# Samsung Notebook 9 Series leichter als das MacBook Air



## Amorelius (7. Januar 2011)

Für mich persönlich die interessanteste Hardware Neu-Vorstellung der CES 2011 ist die Samsung Notebook 9 Series.

YouTube - Samsung notePC 9 Series

Laut www.engadget.com handelt es sich hierbei um das flachste und leichteste 13-inch Notebook und unterbietet mit diesen Werten selbst das MacBook Air. Das Gehäuse besteht aus einer Metall-Legierung Namens Duralumin (engl.), welches im modernen Flugzeugbau bzw. in der Raumfahrt verwendet wird. 
Diese Notebook Serie beinhaltet allerdings kein optisches Laufwerk, dafür aber einen Ethernet Adapter, HDMI und USB Schnittstellen und einen Kopfhörer Ausgang.
Sehr viel beeindruckender ist vielleicht die Hardware, die dieses ultraleichte, ultraflache Notebook beinhaltet. So verfügt es neben USB 3.0 und Bluetooth 3.0 HS über einen brandneuen Core i5 2537M (wahlweise i7) Prozessor (ja genau, dies ist ein i5 der Sandy Bridge Generation), 128GB SSD und 4GB RAM. Nicht genug? Die Hintergrund beleuchtete Tastatur, 400 nit LED Hintergrund beleuchtetes Display (welches wirklich extrem hervorragend zu sein scheint) und zwei 1.5 Watt Lautsprecher und ein Sub-Woofer sollten den Deal besiegeln.

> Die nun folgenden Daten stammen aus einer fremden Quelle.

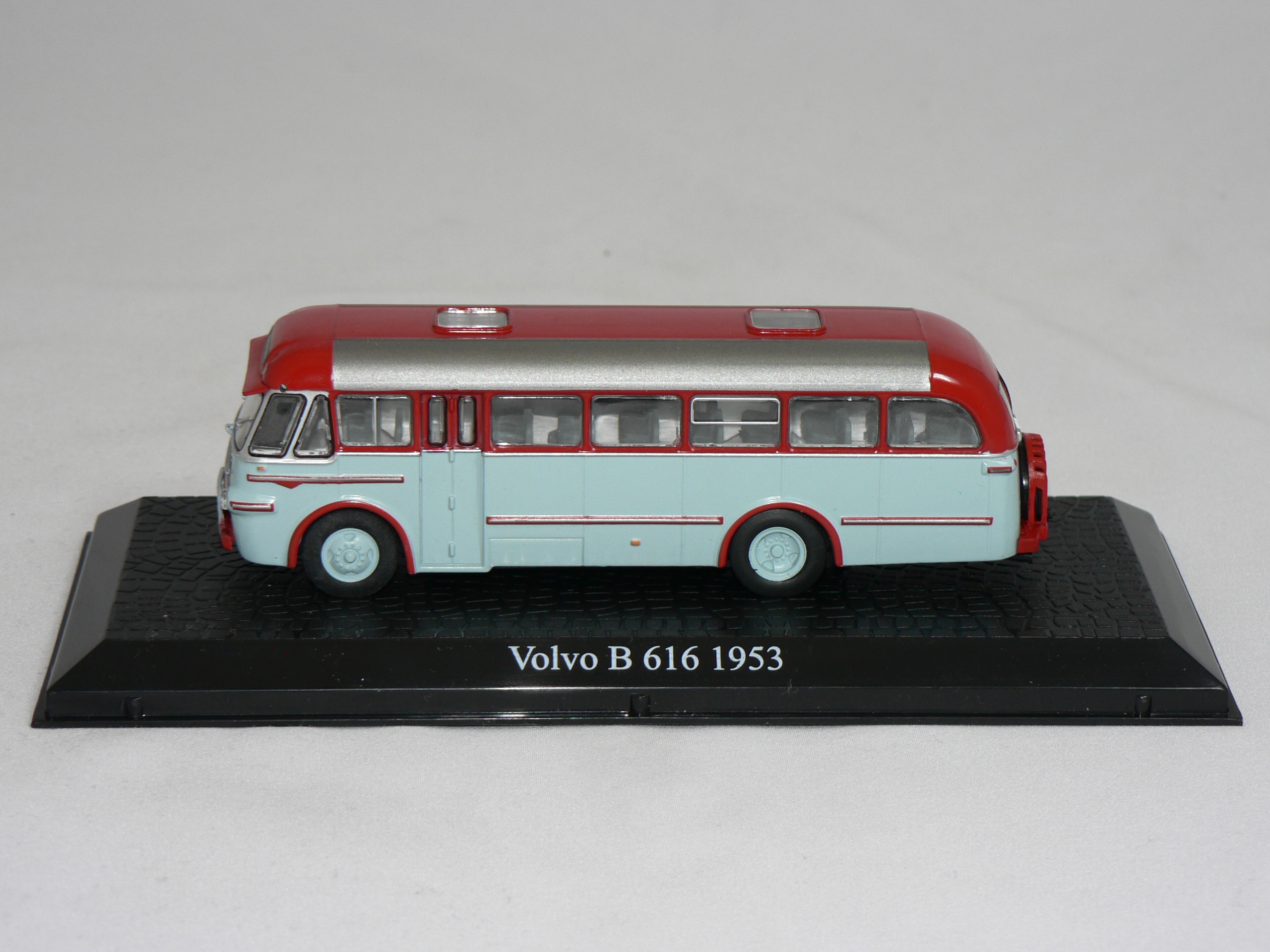 Volvo B 616  1953   1:72 Atlas - 3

Quelle: Samsung 9 Series laptop unveiled, ready to slice some MacBook Air -- Engadget

Video Vorstellung von Samsung auf der CES 2011 (ab ca. 03:00): YouTube - Samsung CES 2011: 9 Series, Sliding PC 7 Series and Central Station

Viel Spaß beim Betrachten, bin auf Eure Meinung gespannt, liebe Grüße


----------



## Iceananas (8. Januar 2011)

Wow 

Den Preis möchte ich allerdings nicht erfahren


----------



## klefreak (8. Januar 2011)

ich schon 

...


----------



## Amorelius (8. Januar 2011)

Iceananas schrieb:


> Wow
> 
> Den Preis möchte ich allerdings nicht erfahren


 
Puh, tja, da bin ich ebenfalls mal gespannt.

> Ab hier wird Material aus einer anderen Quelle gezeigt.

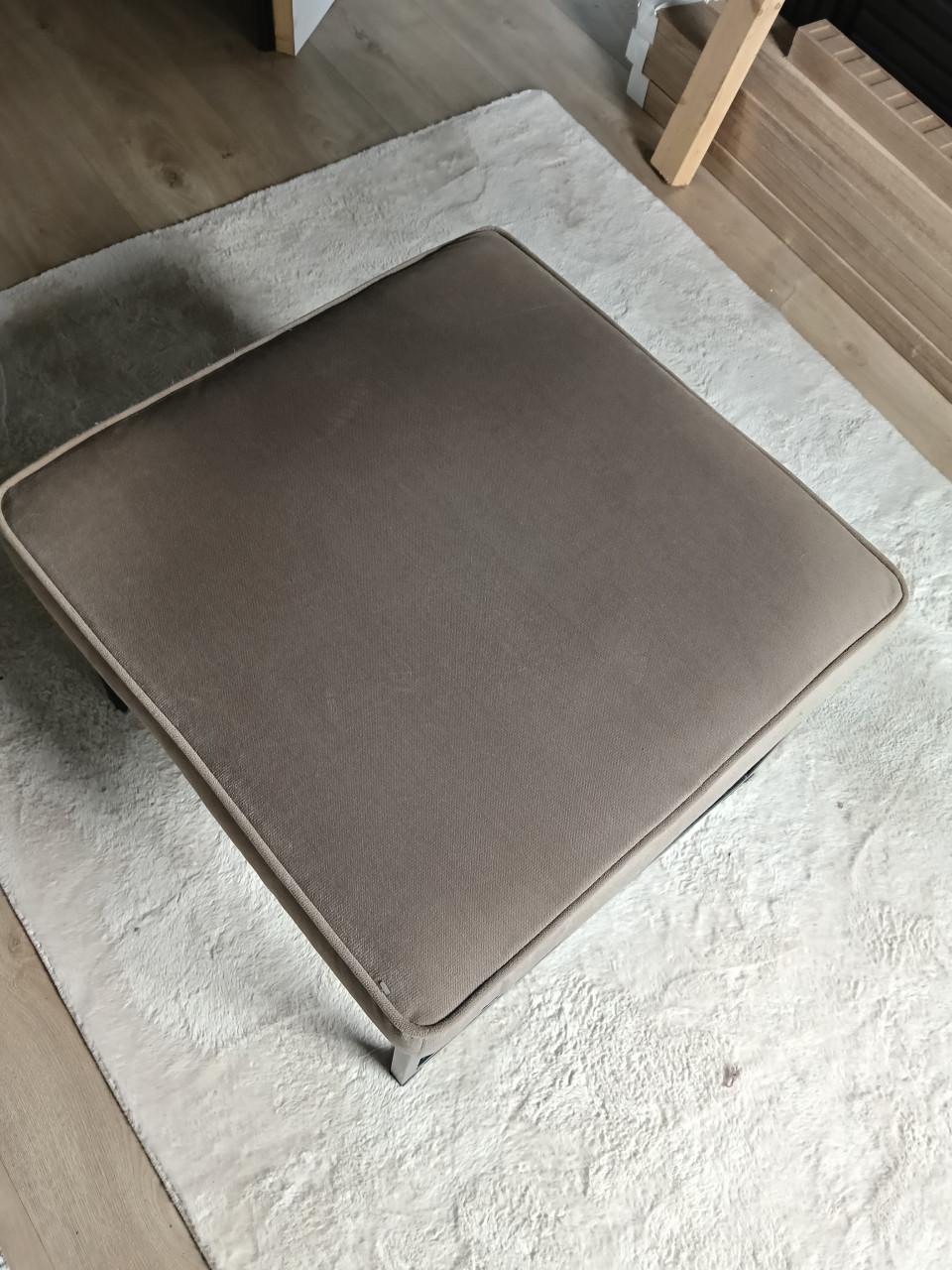 Velvet hocker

Habe Quellen gesehen, die haben von 1600$ berichtet, andere wiederum rechnen ihre Informationen in 1216€ um, was unter dem Preis der MacBooks Air liegen würde, naja eigentlich bei nicht mal annähernd ebenbürtiger Leistung vom MacBook.
Wie auch immer, denke dieses Teil werde ich absolut genau beobachten.
Für mich die top Innovation dieser Messe, wenn man auf Windows basierende technologisch top aktuelle Laptops fixiert ist .


----------



## Bu11et (8. Januar 2011)

Geiles Geschos o_O. Und das mit solcher Hardware. Da kann Apple nie mals mithalten!


----------



## X Broster (8. Januar 2011)

Die laut ZDF 80 iPad Nachmach-Versuche sind meines Erachtens kläglich gescheitert, das Notebook 9 Series hat auf jedenfall Potenzial, alleine wegen dem anderen OS.


----------



## Zockkind (8. Januar 2011)

Für unter 500€ wirds gekauft


----------



## Kyrodar (8. Januar 2011)

Als Pixelschleuder die iX-GPU?


----------



## doodlez (8. Januar 2011)

Zockkind schrieb:


> Für unter 500€ wirds gekauft


 

so billig wirds wohl nich ^^


----------



## Reigenspieler (8. Januar 2011)

Win7 wegkicken und Debian Gnome mit elementary Theme und Docky draufklatschen, dann passt das OS zum Design des Gehäuses.
Super Ding.


----------



## BuGz4eVeR (8. Januar 2011)

Wenn es das Teil für einen guten 3-stelligen Betrag geben sollten, schieße ich ich glaube ich mein XPS in den Wind.


----------



## lord-elveon (8. Januar 2011)

engadget schrieb:
			
		

> Samsung says it should be around $1,600, though it isn't providing a release date right now.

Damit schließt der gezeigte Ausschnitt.